Тогда он сказал, какое тягостное задание выпало на его долю. Девушка слушала его, широко открыв зеленоватые умные глаза. Потом шумно втянула в себя воздух, закрыла лицо руками и выбежала из нарядческой. А дорогу растолковал ему какой-то паровозник. Если бы довелось пешком шагать из госпиталя на Урал, он, пожалуй, не устал бы так, как за эту дорогу от паровозного депо до черепановского дома…

Марья Николаевна оторвалась наконец от сундучка. Поддерживаемая сыном, неверными шагами подошла к солдату и похолодевшими пальцами стиснула его руку.

— Как же это? Где же это, товарищ дорогой? Ой, горе наше великое! — причитала она.

Митя силой подвел мать к стулу, затем подал стул гостю.

С каким отчаянием ловили они каждое его слово! А рассказ был короткий. Бронепоезд уральцев громил фашистов нещадно. Немцы стали охотиться за ним.
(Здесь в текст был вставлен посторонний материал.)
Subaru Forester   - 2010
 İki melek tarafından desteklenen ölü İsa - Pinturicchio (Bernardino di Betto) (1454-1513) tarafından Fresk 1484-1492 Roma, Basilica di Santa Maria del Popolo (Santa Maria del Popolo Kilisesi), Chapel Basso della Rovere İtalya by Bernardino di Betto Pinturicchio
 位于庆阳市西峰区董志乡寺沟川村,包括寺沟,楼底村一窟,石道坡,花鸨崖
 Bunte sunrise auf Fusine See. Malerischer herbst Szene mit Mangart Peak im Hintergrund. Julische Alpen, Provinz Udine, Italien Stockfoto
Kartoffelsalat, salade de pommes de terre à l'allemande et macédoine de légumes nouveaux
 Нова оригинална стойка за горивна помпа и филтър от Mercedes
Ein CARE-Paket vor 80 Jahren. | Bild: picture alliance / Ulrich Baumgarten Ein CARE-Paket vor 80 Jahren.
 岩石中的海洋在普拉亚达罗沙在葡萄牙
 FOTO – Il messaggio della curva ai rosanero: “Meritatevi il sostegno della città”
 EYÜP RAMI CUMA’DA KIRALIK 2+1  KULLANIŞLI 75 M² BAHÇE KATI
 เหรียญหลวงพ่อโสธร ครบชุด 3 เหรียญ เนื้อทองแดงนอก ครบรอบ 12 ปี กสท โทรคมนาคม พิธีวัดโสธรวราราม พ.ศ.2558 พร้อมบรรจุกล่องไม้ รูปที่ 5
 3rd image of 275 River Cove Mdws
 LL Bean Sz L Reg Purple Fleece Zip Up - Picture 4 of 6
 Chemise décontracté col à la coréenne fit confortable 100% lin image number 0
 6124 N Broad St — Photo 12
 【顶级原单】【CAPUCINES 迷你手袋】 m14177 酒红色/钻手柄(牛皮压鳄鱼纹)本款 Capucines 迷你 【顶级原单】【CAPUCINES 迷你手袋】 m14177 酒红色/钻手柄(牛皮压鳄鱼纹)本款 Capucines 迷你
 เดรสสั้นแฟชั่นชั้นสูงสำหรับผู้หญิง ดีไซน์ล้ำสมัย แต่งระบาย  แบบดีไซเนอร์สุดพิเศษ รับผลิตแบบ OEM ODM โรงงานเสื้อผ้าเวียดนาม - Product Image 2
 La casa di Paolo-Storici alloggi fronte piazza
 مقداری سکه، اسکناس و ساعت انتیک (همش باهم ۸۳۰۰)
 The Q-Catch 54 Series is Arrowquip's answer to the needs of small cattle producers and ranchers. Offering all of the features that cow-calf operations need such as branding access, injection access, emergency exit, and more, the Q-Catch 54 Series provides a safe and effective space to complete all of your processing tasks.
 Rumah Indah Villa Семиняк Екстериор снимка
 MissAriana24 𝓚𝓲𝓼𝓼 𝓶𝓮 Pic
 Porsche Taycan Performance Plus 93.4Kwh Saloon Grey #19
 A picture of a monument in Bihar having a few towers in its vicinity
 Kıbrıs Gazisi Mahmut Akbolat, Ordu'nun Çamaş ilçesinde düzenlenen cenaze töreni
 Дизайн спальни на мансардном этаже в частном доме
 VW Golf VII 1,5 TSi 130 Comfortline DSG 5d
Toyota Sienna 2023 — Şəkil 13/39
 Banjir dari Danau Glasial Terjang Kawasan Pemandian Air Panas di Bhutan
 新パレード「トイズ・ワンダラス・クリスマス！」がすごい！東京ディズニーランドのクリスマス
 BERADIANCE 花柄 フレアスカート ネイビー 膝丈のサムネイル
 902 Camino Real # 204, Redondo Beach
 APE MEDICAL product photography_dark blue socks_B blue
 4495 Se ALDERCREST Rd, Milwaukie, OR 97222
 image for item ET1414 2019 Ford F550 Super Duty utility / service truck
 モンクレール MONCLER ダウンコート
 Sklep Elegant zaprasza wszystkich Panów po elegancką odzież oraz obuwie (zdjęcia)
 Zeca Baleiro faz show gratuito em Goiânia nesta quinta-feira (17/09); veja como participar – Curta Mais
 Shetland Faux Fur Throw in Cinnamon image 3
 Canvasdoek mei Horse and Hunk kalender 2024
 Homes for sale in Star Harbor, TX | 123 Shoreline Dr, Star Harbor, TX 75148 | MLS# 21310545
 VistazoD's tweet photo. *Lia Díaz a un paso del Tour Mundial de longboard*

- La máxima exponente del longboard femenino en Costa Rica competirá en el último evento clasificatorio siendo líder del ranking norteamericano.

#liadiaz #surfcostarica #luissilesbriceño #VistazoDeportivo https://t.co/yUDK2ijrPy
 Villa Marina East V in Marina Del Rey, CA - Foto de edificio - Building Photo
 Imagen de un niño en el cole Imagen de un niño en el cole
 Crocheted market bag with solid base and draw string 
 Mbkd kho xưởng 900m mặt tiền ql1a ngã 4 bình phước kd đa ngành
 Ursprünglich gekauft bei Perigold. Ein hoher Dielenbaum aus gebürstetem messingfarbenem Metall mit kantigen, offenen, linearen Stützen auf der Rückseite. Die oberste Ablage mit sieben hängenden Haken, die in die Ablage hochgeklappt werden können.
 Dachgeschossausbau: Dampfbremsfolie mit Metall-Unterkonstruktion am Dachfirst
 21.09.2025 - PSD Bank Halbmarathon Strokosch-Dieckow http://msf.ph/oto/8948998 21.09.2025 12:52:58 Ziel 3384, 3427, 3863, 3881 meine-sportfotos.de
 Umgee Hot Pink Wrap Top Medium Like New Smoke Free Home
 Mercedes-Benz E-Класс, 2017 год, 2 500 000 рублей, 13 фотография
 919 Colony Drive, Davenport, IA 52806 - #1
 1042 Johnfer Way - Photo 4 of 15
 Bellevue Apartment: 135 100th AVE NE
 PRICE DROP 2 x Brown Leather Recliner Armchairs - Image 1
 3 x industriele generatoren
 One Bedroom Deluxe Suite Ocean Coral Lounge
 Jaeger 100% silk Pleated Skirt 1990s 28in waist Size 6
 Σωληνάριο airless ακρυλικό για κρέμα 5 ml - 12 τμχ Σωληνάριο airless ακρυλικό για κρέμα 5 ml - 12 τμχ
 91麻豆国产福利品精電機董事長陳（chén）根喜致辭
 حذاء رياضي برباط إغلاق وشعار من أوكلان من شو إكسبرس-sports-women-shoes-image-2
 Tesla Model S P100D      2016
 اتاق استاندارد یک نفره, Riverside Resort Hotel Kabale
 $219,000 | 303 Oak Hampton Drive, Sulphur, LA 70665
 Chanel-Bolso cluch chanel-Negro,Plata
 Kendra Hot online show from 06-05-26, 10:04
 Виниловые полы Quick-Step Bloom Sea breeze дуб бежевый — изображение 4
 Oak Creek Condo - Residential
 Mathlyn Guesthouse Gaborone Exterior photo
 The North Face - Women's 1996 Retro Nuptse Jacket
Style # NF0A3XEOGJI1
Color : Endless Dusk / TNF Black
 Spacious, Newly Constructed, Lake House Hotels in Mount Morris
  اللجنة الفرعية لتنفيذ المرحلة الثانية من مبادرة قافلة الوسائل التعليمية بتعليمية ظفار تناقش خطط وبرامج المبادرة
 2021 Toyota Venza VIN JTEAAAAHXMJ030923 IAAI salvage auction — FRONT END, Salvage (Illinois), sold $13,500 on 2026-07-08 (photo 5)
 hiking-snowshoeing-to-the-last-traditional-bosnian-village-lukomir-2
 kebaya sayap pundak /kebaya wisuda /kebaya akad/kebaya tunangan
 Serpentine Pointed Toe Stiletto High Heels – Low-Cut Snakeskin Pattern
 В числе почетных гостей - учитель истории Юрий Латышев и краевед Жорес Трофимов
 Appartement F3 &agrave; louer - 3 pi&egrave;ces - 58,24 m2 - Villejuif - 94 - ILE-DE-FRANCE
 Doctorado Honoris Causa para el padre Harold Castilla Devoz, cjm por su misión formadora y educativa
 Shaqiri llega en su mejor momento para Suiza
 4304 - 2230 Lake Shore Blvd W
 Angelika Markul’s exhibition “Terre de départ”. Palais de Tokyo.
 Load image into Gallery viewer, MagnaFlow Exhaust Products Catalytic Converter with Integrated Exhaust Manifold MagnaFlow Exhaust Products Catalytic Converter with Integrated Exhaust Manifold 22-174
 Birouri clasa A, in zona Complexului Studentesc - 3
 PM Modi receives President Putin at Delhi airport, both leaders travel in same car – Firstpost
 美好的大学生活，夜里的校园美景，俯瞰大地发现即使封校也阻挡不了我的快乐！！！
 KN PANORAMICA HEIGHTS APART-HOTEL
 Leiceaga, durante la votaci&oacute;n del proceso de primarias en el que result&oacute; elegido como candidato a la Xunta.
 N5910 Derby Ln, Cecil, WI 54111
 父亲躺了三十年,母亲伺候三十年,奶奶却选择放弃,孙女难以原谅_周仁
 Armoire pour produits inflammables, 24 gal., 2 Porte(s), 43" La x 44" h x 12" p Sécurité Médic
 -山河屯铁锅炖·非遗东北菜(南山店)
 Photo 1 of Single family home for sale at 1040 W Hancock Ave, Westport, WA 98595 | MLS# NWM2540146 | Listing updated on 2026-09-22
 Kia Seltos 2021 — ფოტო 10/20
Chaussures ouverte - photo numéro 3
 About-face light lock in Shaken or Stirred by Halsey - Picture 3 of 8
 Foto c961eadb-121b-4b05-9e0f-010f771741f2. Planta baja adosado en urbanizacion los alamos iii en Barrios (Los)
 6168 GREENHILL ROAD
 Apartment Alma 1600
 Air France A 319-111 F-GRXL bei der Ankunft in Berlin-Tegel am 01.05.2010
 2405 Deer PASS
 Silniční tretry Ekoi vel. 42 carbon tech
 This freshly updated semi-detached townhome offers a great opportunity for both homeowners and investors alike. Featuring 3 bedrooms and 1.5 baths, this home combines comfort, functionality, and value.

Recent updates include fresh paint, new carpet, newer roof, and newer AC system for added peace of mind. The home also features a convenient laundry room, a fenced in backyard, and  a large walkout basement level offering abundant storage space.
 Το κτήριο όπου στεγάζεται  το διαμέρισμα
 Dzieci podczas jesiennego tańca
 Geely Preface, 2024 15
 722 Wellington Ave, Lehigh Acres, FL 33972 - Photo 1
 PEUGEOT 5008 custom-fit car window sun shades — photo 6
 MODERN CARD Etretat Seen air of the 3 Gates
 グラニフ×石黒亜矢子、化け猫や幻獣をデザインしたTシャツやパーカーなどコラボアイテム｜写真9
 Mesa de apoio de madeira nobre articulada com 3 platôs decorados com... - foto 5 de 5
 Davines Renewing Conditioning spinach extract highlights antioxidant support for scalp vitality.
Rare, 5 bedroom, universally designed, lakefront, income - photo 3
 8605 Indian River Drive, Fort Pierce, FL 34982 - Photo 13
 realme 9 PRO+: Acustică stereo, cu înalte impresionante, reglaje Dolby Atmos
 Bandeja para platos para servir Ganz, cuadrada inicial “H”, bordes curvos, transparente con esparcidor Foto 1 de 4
Пытались накрыть артиллерийским огнем, пробовали подорвать — не выходило. И вот, когда наши вели бой за небольшой белорусский город, фашисты выпустили на бронепоезд семерку пикирующих бомбардировщиков…

Бронепоезд маневрировал, его зенитчики подожгли два самолета, а остальные набросились на него с еще большей яростью.

Наши освободили город, а разбитый бронепоезд остался чадить на дороге. Убитых схоронили тут же, под насыпью. Черепанова, тяжело раненного, перевезли в лазарет. Там он и умер через два дня.

— В одной палате мы лежали, — тихо рассказывал солдат, царапая пальцами грубое сукно шинели. — Он, как узнал, что я с Урала, из Кедровника, слово с меня взял, что повидаю вас. «Заодно, говорит, передашь мое хозяйство…»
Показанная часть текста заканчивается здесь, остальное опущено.